-- Opening Marker --

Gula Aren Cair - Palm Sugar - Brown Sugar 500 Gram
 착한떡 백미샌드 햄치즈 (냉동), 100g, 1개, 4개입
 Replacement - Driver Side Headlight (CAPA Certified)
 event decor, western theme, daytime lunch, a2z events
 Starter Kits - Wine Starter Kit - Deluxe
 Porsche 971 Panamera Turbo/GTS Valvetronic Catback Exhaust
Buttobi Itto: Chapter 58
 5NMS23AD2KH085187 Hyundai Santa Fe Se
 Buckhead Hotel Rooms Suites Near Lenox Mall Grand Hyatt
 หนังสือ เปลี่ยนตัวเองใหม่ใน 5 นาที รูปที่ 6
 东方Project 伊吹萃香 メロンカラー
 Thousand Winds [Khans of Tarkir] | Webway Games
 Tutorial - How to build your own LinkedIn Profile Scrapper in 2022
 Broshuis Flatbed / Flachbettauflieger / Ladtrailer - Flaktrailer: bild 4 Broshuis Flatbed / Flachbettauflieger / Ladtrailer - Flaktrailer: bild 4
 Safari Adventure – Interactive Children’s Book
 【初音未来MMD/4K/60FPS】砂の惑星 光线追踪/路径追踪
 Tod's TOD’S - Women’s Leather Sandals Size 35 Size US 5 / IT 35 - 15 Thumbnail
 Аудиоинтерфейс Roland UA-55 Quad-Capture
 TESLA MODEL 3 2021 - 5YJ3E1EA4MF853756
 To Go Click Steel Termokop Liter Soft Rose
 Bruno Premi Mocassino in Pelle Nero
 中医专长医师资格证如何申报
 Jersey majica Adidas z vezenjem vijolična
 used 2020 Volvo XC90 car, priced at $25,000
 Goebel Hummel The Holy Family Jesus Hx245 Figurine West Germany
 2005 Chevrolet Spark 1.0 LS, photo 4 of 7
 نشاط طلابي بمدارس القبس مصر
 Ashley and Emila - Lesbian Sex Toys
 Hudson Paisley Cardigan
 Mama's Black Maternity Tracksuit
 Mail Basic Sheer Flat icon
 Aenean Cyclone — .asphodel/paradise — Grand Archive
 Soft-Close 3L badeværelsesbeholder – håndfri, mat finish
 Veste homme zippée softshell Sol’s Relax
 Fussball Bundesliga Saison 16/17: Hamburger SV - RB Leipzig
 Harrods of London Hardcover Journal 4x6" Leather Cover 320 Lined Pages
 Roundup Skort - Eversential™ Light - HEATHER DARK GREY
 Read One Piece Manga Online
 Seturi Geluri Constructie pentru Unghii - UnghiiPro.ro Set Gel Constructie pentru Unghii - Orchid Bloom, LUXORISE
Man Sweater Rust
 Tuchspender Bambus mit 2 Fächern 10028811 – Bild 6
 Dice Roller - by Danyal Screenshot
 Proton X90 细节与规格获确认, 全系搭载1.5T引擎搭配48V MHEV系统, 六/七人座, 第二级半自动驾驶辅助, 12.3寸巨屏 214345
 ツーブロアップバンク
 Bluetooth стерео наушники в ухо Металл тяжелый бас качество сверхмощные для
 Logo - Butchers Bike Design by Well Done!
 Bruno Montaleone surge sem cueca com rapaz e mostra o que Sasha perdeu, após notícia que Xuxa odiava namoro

-- Closing Marker --

* Task item:
Reproduce every line of the data exactly as it was written.

* Response box:
Gula Aren Cair - Palm Sugar - Brown Sugar 500 Gram
 착한떡 백미샌드 햄치즈 (냉동), 100g, 1개, 4개입
 Replacement - Driver Side Headlight (CAPA Certified)
 event decor, western theme, daytime lunch, a2z events
 Starter Kits - Wine Starter Kit - Deluxe
 Porsche 971 Panamera Turbo/GTS Valvetronic Catback Exhaust
Buttobi Itto: Chapter 58
 5NMS23AD2KH085187 Hyundai Santa Fe Se
 Buckhead Hotel Rooms Suites Near Lenox Mall Grand Hyatt
 หนังสือ เปลี่ยนตัวเองใหม่ใน 5 นาที รูปที่ 6
 东方Project 伊吹萃香 メロンカラー
 Thousand Winds [Khans of Tarkir] | Webway Games
 Tutorial - How to build your own LinkedIn Profile Scrapper in 2022
 Broshuis Flatbed / Flachbettauflieger / Ladtrailer - Flaktrailer: bild 4 Broshuis Flatbed / Flachbettauflieger / Ladtrailer - Flaktrailer: bild 4
 Safari Adventure – Interactive Children’s Book
 【初音未来MMD/4K/60FPS】砂の惑星 光线追踪/路径追踪
 Tod's TOD’S - Women’s Leather Sandals Size 35 Size US 5 / IT 35 - 15 Thumbnail
 Аудиоинтерфейс Roland UA-55 Quad-Capture
 TESLA MODEL 3 2021 - 5YJ3E1EA4MF853756
 To Go Click Steel Termokop Liter Soft Rose
 Bruno Premi Mocassino in Pelle Nero
 中医专长医师资格证如何申报
 Jersey majica Adidas z vezenjem vijolična
 used 2020 Volvo XC90 car, priced at $25,000
 Goebel Hummel The Holy Family Jesus Hx245 Figurine West Germany
 2005 Chevrolet Spark 1.0 LS, photo 4 of 7
 نشاط طلابي بمدارس القبس مصر
 Ashley and Emila - Lesbian Sex Toys
 Hudson Paisley Cardigan
 Mama's Black Maternity Tracksuit
 Mail Basic Sheer Flat icon
 Aenean Cyclone — .asphodel/paradise — Grand Archive
 Soft-Close 3L badeværelsesbeholder – håndfri, mat finish
 Veste homme zippée softshell Sol’s Relax
 Fussball Bundesliga Saison 16/17: Hamburger SV - RB Leipzig
 Harrods of London Hardcover Journal 4x6" Leather Cover 320 Lined Pages
 Roundup Skort - Eversential™ Light - HEATHER DARK GREY
 Read One Piece Manga Online
 Seturi Geluri Constructie pentru Unghii - UnghiiPro.ro Set Gel Constructie pentru Unghii - Orchid Bloom, LUXORISE
Man Sweater Rust
 Tuchspender Bambus mit 2 Fächern 10028811 – Bild 6
 Dice Roller - by Danyal Screenshot
 Proton X90 细节与规格获确认, 全系搭载1.5T引擎搭配48V MHEV系统, 六/七人座, 第二级半自动驾驶辅助, 12.3寸巨屏 214345
 ツーブロアップバンク
 Bluetooth стерео наушники в ухо Металл тяжелый бас качество сверхмощные для
 Logo - Butchers Bike Design by Well Done!
 Bruno Montaleone surge sem cueca com rapaz e mostra o que Sasha perdeu, após notícia que Xuxa odiava namoro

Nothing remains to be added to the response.